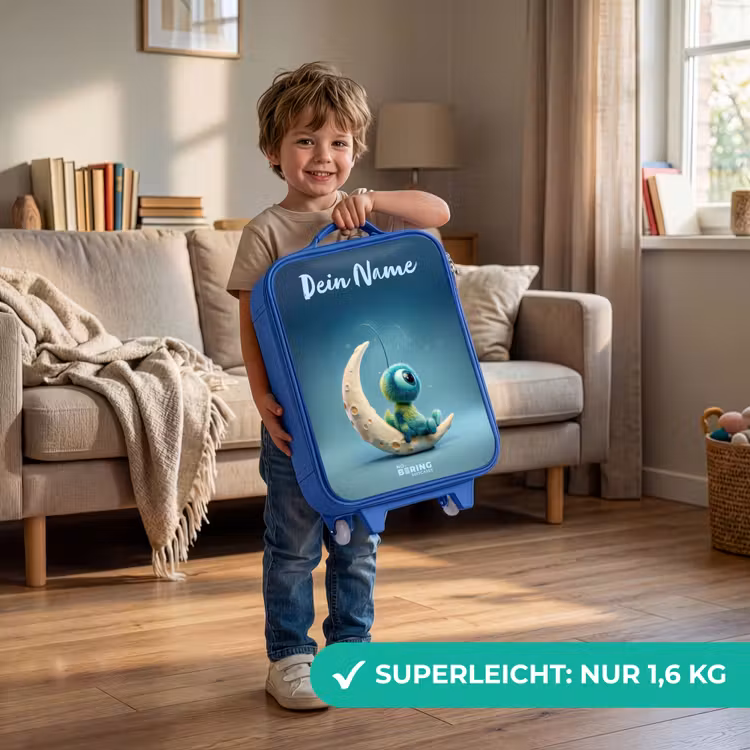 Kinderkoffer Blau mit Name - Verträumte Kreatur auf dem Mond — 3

---

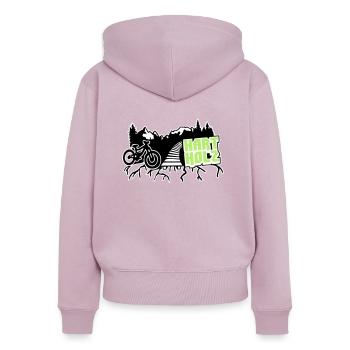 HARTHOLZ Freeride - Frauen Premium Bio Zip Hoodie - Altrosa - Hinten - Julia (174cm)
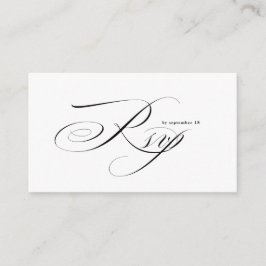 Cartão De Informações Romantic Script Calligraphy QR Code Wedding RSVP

ACTIVITY:
Using the data above, set down each line from the line with "HARTHOLZ Freeride - Frauen" to the line with "Cartão De Informações" exactly, both ends included, and leave the pictures behind. Nothing else belongs.

TASK ANSWER:
 HARTHOLZ Freeride - Frauen Premium Bio Zip Hoodie - Altrosa - Hinten - Julia (174cm)
 Cartão De Informações Romantic Script Calligraphy QR Code Wedding RSVP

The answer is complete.